* DESCRIPTION OF THE TASK
For each line below that contains the word "about", return that line.

* ENTRIES PROVIDED
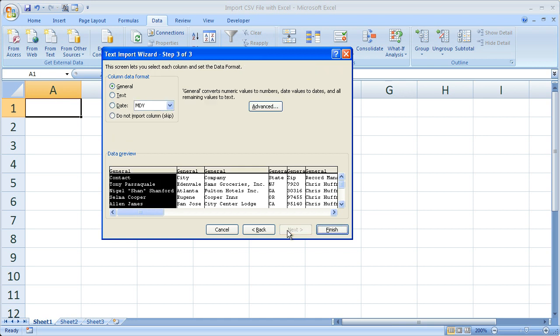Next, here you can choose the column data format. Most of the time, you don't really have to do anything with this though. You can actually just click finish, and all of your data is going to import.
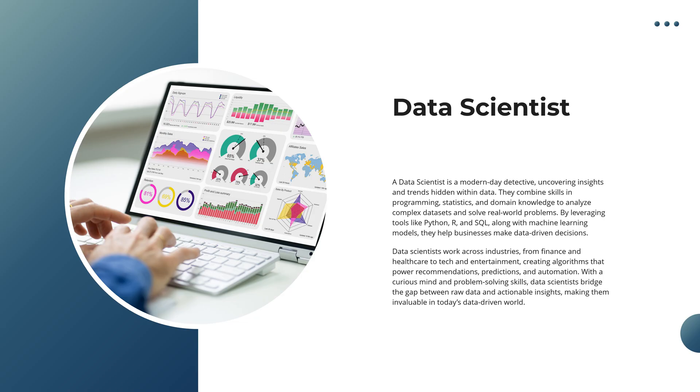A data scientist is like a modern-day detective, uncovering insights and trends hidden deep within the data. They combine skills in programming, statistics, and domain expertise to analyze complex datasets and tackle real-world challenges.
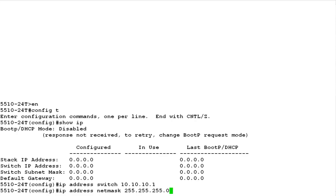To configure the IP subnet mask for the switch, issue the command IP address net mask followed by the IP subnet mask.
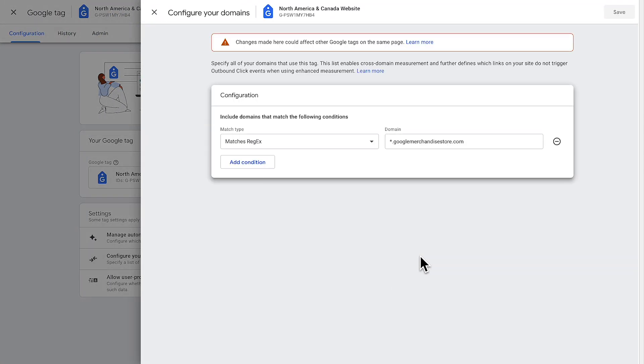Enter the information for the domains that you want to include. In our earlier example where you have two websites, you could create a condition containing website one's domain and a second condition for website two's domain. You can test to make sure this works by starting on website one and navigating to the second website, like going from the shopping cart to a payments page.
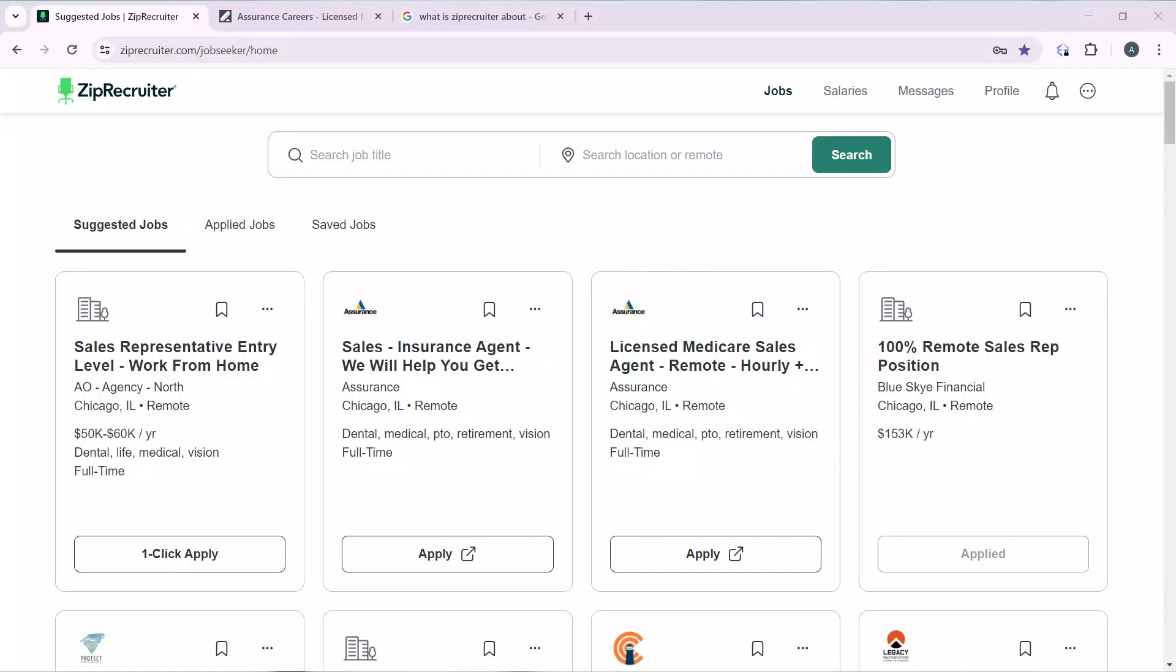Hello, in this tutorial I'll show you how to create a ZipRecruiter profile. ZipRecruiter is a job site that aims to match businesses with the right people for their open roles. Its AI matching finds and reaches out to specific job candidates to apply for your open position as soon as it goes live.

...

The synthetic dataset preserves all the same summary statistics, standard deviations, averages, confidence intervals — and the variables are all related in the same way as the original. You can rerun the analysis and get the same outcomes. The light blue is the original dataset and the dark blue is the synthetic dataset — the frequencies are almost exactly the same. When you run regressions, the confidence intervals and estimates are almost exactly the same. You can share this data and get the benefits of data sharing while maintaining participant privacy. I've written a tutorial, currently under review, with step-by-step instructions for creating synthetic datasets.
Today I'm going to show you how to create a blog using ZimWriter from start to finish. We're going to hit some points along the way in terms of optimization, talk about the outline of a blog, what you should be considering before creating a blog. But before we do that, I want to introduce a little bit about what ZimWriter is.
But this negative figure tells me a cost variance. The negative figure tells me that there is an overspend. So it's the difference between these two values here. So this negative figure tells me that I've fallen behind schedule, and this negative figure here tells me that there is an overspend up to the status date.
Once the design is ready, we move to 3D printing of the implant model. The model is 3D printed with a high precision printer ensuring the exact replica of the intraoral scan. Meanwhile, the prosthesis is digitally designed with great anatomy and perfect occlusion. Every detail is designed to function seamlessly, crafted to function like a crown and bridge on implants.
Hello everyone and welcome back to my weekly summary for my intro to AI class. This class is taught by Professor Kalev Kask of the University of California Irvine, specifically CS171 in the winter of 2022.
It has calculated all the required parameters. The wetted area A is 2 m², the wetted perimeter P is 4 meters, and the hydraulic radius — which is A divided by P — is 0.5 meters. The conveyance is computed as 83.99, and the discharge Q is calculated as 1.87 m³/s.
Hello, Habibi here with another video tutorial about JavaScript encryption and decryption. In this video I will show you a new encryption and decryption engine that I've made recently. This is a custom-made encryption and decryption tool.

* ANSWER TO THIS TASK
Today I'm going to show you how to create a blog using ZimWriter from start to finish. We're going to hit some points along the way in terms of optimization, talk about the outline of a blog, what you should be considering before creating a blog. But before we do that, I want to introduce a little bit about what ZimWriter is.
Hello, Habibi here with another video tutorial about JavaScript encryption and decryption. In this video I will show you a new encryption and decryption engine that I've made recently. This is a custom-made encryption and decryption tool.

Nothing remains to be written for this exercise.